Por Najat El Hachmi
Las obras “basadas en hechos reales” tiene hoy una dimensión industrial. Tanto en literatura como en el entorno audiovisual parece que tal etiqueta constituya un sello de autenticidad y, sin embargo, resulta poco verosímil que los autores del presente podamos tener un conocimiento omnipotente sobre hechos que no hemos vivido directamente. Diría que incluso la propia experiencia pasa por un proceso de elaboración a través de los elementos de la narración y el lenguaje que hacen arriesgada la consideración de que un texto sea pura autobiografía. La transformación a la que sometemos los hechos cuando nos ponemos delante de la página en blanco con intención literaria es por fuerza una manipulación al servicio de nuestros propios objetivos creadores más que de la copia fidedigna de “la realidad”. Desconfíen del escritor que no albergue duda alguna sobre la veracidad de lo que cuenta, una veracidad que además es secundaria cuando de lo que se trata es de contar una historia y que el lector se la crea. A menudo, hay que mentir mucho para llegar a alguna certeza, y ese tipo de mentiras son buenas y deseables, porque la ordenación narrativa puede ser más útil que la simple observación del mundo.

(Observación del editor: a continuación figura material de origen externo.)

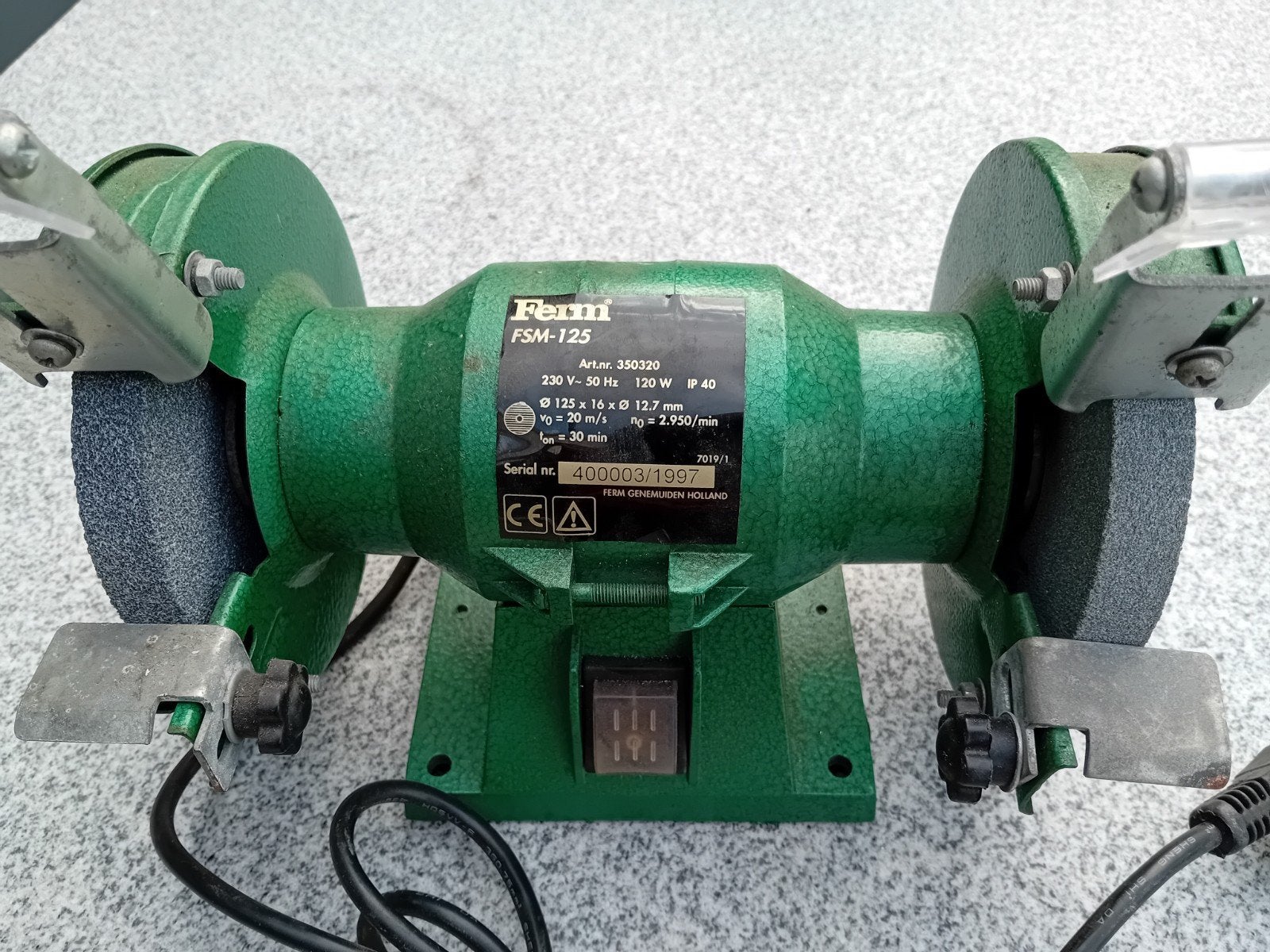 Ferm FSM-125 Werkbankslijpmachine - Z.G.A.N. met 2 schijven, Ophalen of Verzenden, Zo goed als nieuw, Minder dan 700 watt, Haakse handslijpmachine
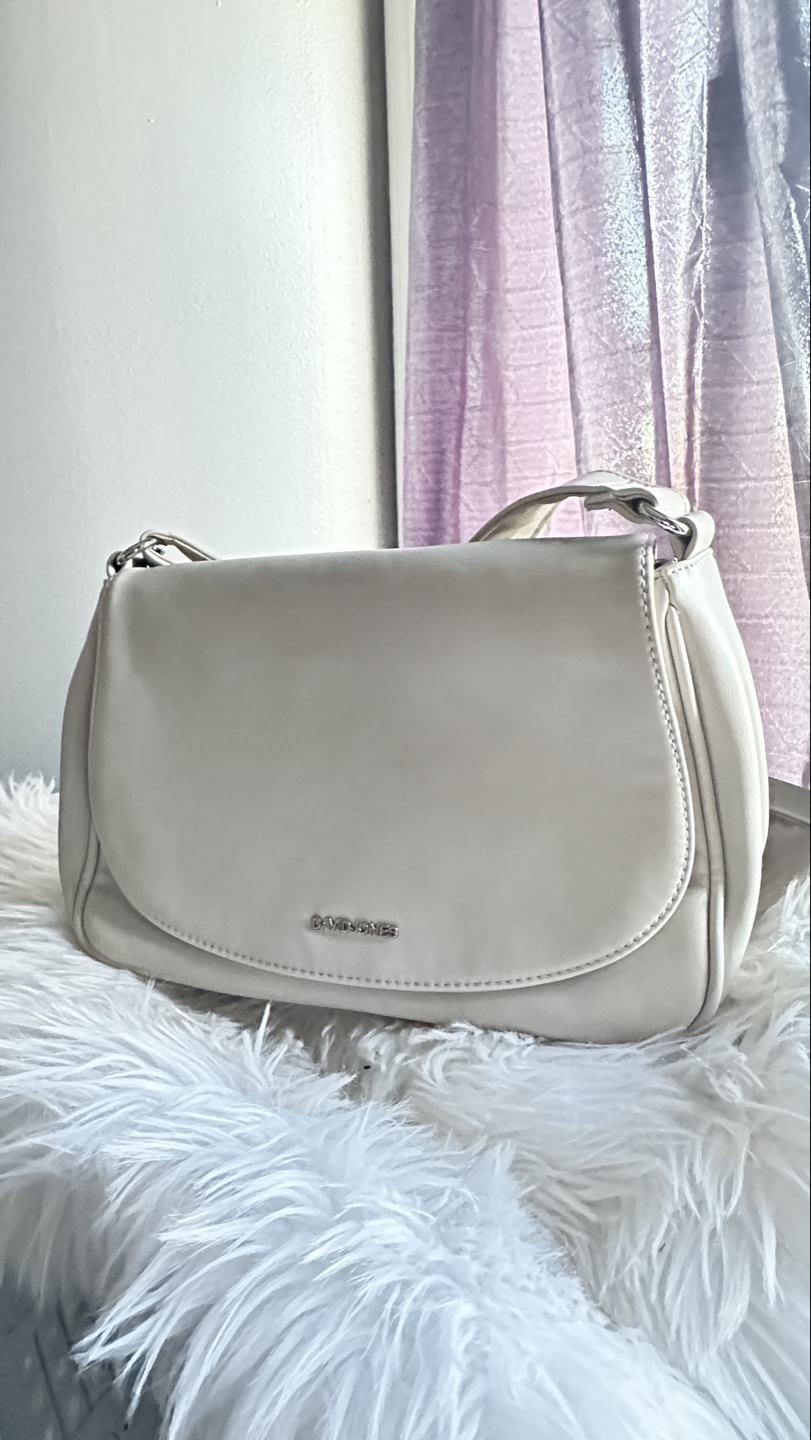 💚 Off-White Shoulder Bag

A pesar de que haya sido desterrada a la inutilidad del puro entretenimiento espectacular, la ficción sigue vertebrando nuestro imaginario colectivo, y el proceso de reelaboración del pasado mediante novelas históricas o biografías que encajan en el molde de lo comercial tiene muchos peligros. Uno de ellos es leer todo lo que nos precede con la sensibilidad del presente, empañando así la posibilidad de conocer nuestras raíces reales, sumiéndonos en una especie de nebulosa llena de engaños y distorsiones. Como autora, puedo hacer suposiciones, imaginar, añadir y quitar elementos, pero no puedo decir que no estoy mintiendo en nada. No es ético hacer pasar por verdadero lo que es ficción solo para conseguir esa validación del “basado en hechos reales”, que está más al servicio de las ventas que de la creación en sí misma. Hay disciplinas que indagan con rigor en el pasado siguiendo unas directrices claras basadas en datos demostrables. Los escritores y los guionistas no somos historiadores, y si viajamos en el tiempo debería ser para desplegar las alas de la imaginación. Para mí, defender a ultranza que un texto es solamente real es renunciar a la ficción, hoy más necesaria que nunca por tratarse de una forma de comprensión del mundo compleja y matizada, mucho más reconfortante, quizás más auténtica, que la realidad pura y dura.